And heres the fucking anger again AAAAARRRRGGGGGHHHHH!!!! I just want it all to go away! Why I can't I do what I know is best for me? Why can't I bring it upon myself to stop all of this now?.....I'm so weak and pathetic....I guess I'm really getting exactly what I deserve. This all started because of my strong desire to be with him, I left somebody I loved and had an amazing relationship with for him, well for to have a chance to be with him. And here I am as close as I'll ever be with him and I'm so unhappy. So lost and so God damned angry. How is anything he does for me or says to me supposed to mean anything when I'm not the only person he says it to? How am I supposed to believe him? How am I supposed to feel in a situation like this?.....It's like my heart is being ripped out of me inch by inch and I won't stop it from happening because I love him and care about him too much to do anything about it. I only hope that Kevin can help....he's the one man I know I will always be able to look to for solid advice on any matter, no matter how hard it is for me to really approach him with with anything.
I thought I was over this. This stupid jealousy thing. I thought I had found that solid middle ground where I could stand tall and happy with my life. With what love he gives me. Is it wrong of me to say that everything I do I feel is worthless to him? Is it wrong of me to say that when it all comes down to it I don't think I really am all that special to him? Who am I to feel special? Who am I to give myself the idea that it's okay to feel like to one person I could be the most important thing in their life? I'm nothing, I'm just like everybody else. And he will get bored of having me around and want somebody new, someone prettier, smarter, funnier. Someone his age. He once told me he would never love again, but he now he tells me he loves me every day. So when he says he will never have a relationship ever again all I can think is he just needs time and he will find that somebody when he least expects it. Life is like that, it creeps up on you and tackles you to the ground, knocking the wind out you and you get up and realize there is no such thing as never, you learn to expect the unexpected. I just feel that my own insecurities, the ones of him tossing me aside, forgetting about me, are really what's going to cause it in the first place. They say it's often on the road of avoiding something that we meet it. So I try my best to overlook things, to cope with my insecurities and learn from this experience, but all I'm really learning is that I can't live like this. As much as I love and care about him it's killing me inside. My heart can't take it.

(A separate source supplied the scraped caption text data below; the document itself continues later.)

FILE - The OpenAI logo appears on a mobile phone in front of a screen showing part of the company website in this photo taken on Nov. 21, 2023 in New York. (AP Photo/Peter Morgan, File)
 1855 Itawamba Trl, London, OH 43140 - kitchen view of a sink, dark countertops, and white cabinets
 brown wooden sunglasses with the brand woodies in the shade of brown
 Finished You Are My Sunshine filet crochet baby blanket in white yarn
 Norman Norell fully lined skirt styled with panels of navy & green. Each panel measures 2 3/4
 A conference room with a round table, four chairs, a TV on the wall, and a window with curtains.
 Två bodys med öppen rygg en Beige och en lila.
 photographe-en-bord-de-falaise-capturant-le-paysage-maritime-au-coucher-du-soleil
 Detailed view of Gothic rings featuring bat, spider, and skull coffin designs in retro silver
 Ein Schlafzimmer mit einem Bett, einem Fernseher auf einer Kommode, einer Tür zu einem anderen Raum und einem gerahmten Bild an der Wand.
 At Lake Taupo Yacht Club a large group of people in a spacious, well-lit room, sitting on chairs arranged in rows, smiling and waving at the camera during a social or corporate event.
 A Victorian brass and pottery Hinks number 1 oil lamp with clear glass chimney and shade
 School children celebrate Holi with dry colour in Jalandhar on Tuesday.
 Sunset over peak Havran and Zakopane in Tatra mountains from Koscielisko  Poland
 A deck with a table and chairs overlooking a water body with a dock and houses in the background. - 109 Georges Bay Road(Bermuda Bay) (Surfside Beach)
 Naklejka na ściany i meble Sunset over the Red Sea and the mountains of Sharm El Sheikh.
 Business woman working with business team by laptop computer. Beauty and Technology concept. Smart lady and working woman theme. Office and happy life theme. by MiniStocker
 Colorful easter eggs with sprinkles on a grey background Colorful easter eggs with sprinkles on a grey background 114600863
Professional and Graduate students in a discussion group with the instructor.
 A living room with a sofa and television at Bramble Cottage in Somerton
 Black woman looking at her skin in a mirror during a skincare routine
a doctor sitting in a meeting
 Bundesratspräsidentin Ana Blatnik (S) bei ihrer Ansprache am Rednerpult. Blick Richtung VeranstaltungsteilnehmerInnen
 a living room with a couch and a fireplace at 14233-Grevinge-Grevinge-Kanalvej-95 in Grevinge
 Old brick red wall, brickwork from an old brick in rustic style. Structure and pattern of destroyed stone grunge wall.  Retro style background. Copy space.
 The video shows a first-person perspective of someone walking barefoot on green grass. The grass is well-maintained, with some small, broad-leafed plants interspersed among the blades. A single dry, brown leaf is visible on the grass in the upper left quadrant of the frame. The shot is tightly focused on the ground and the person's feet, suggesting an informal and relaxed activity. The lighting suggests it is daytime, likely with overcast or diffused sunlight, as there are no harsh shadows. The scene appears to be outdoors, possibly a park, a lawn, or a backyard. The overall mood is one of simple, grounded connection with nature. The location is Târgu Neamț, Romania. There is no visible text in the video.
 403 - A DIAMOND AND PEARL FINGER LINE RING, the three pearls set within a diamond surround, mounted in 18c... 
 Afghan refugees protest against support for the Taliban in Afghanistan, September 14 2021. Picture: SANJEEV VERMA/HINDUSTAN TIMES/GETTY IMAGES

He asks what it is I feel so badly over and I reply because him and I have no physical relationship. Aside from holding hands, love pecks, and the occasion/rare cuddle/snuggle. We are very intimate and close for two people that don't have any sexual history (aside from three or four bj's, but that was months ago). I don't want to sound like I don't appreciate what we have, I do, I really do. The connection and bond that him and I share is beautiful and amazing. But it kills me inside when I hear him call some other girl beautiful or sexy when he hardly says it to me, or when he hits on and flirts with another girl, when all he really does is bitch, whine, complain, make fun of me, tease me, and brush me off when I try and talk to him about me feelings and emotions. I feel so unwanted sometimes, like some kind of commodity that he takes for granted. I feel like a dog on a short leash and choke chain. I feel so trapped. He has so little consideration for my feelings and needs. If he really cared he would be trying to help me when I reach out and ask for his help, instead of telling me I need to change. Does all of this make me selfish? Does needing more and wanting more than what we have together make me a greedy, undeserving, unappreciative person? That's what I'm so afraid of, I'm afraid of taking it all for granted and fucking everything up by asking for more. By pushing for what I feel I need. All I ever do is fuck up the best things in my life by pursuing happiness and I don't want to make that mistake again. Everything with me has always been black and white, it either is or isn't. It's yes or no with nothing inbetween. Maybe that is where some of what I am faced with now concerning my feelings is coming from. There is no chance of me and him ever being together, and always in the past when faced with that reality I would just up and leave without looking back. I would do the same here, have wanted to do the same here, but he's not like the others. He wants me close, he likes having me around, by his side. So if I were to just leave it would break his heart and I can't do that to him, I won't do that to him. But by sitting here and watching him pursue these other girls it hurts. Because I know eventually, inevitably he will find a girl just like he found me, and he may not forget about me or stop caring about me, but things will change. I just hate that I will have to be the one to sit here and wait for him to make that decision.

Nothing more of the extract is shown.